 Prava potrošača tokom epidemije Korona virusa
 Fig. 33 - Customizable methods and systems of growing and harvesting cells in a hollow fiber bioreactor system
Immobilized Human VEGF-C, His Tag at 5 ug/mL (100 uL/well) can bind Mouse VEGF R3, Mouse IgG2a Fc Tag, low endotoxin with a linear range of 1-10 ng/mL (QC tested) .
◇ ◇ ◇ ◇ ◇
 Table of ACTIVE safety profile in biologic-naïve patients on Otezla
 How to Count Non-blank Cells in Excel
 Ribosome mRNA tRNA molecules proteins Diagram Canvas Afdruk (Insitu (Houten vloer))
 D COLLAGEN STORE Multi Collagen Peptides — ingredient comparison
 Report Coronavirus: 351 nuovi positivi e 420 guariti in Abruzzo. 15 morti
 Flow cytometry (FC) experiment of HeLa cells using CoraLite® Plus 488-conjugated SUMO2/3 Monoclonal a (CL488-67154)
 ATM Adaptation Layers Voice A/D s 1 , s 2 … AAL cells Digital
◇ ◇ ◇ ◇ ◇
### Work task
The lines to extract from the data above begin with the line containing "Report Coronavirus: 351" and end with the line containing "ATM Adaptation Layers". Extract them exactly, including both.

### Result of the task
 Report Coronavirus: 351 nuovi positivi e 420 guariti in Abruzzo. 15 morti
 Flow cytometry (FC) experiment of HeLa cells using CoraLite® Plus 488-conjugated SUMO2/3 Monoclonal a (CL488-67154)
 ATM Adaptation Layers Voice A/D s 1 , s 2 … AAL cells Digital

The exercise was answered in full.